Exercise goal
Reproduce word for word the lines between the one containing "Skyrim Delphine 桌布" and the end of the entries below, both inclusive; leave out pictures.

Data listing
-------

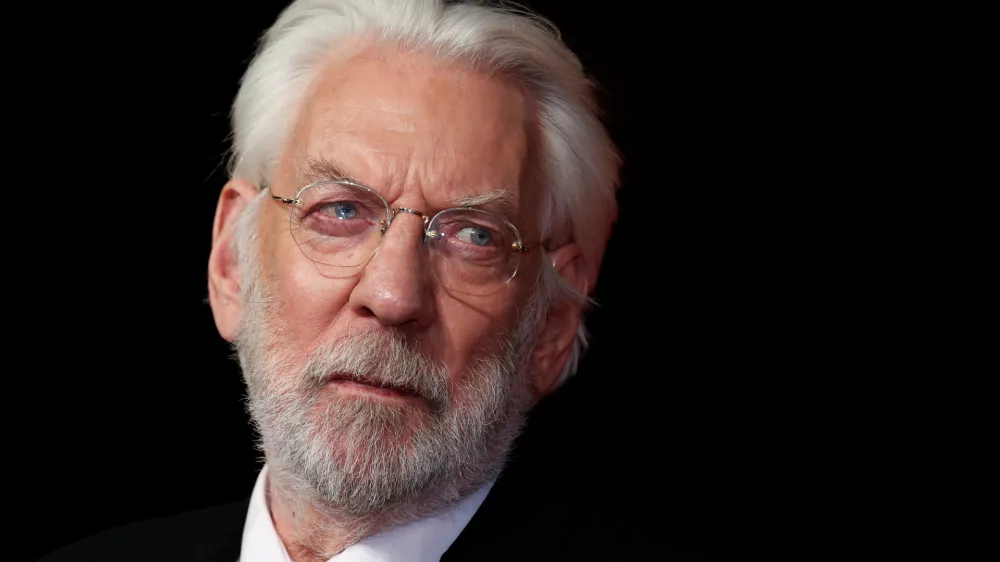 FILE PHOTO: Actor Donald Sutherland arrives for the world premiere of "The Hunger Games: Mockingjay Part 1" at Leicester Square in London November 10, 2014. REUTERS/Luke MacGregor/File Photo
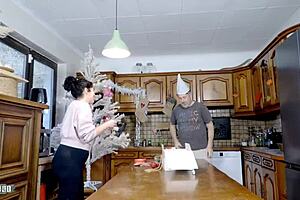 Emmita's huge natural tits bounce wildly during xmas kitchen ride ending in terry's deep anal creampie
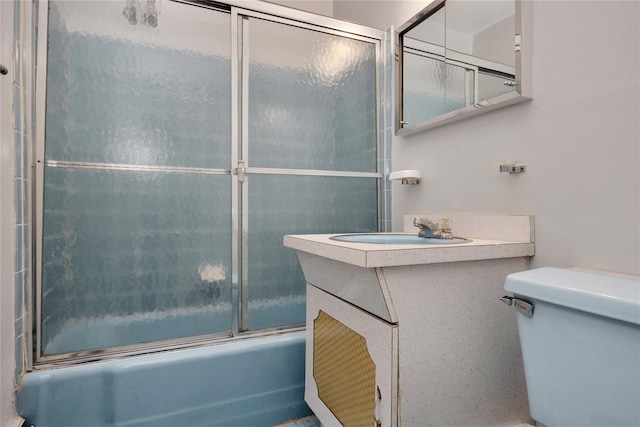 69-14 61st Rd, Middle Village, NY 11379 - full bathroom featuring toilet, bath / shower combo with glass door, and vanity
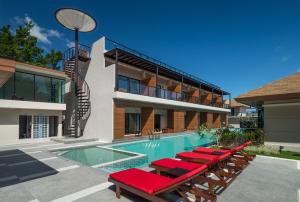 a swimming pool with lounge chairs and a house at Cher​mantra​ Aonang​ Resort & Pool​ Suite in Ao Nang Beach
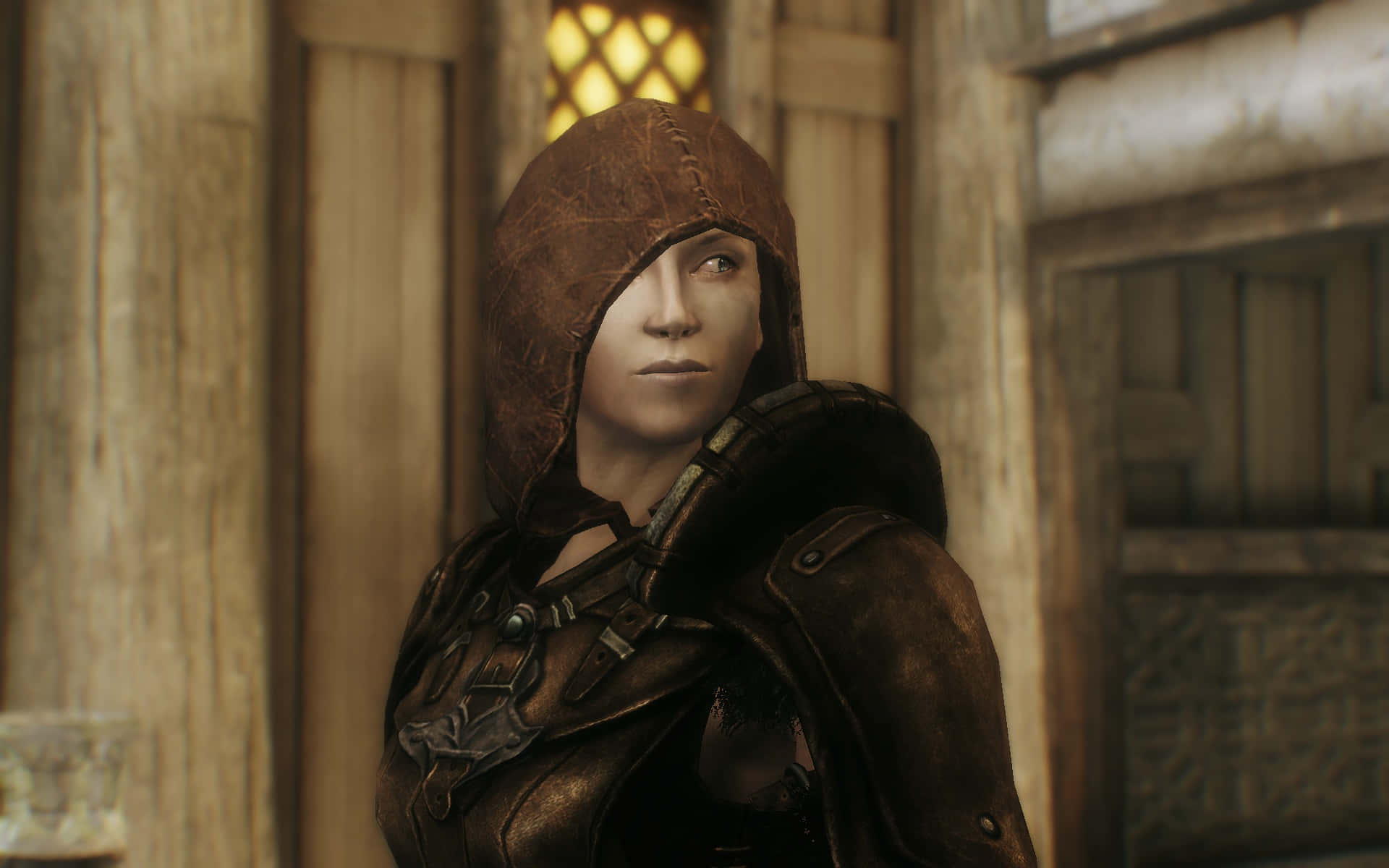 Skyrim Delphine 桌布 壁紙 — 一位身穿破舊皮甲的兜帽戰士站在質樸的木製室內，若有所思地凝視著從格子窗透進來的光線。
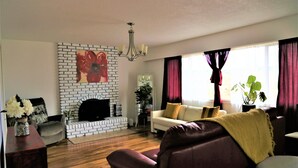 A living room with a fireplace, a sofa, a coffee table, and a TV. - Spacious 4-Bedroom Home near Lagoon, Beach & Hatley Castle (Victoria)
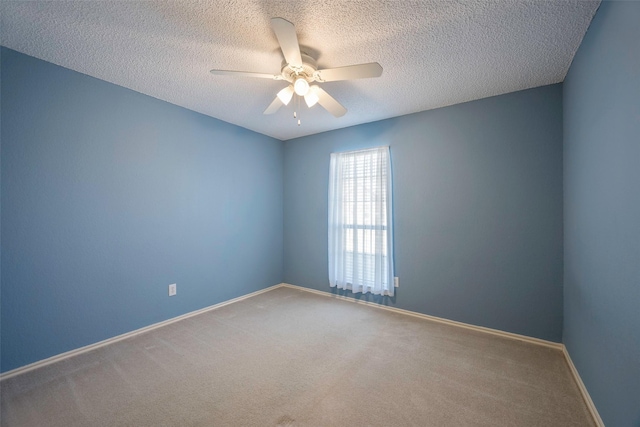 unfurnished room featuring carpet, ceiling fan, and a textured ceiling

-------

Problem solution
 Skyrim Delphine 桌布 壁紙 — 一位身穿破舊皮甲的兜帽戰士站在質樸的木製室內，若有所思地凝視著從格子窗透進來的光線。
 A living room with a fireplace, a sofa, a coffee table, and a TV. - Spacious 4-Bedroom Home near Lagoon, Beach & Hatley Castle (Victoria)
 unfurnished room featuring carpet, ceiling fan, and a textured ceiling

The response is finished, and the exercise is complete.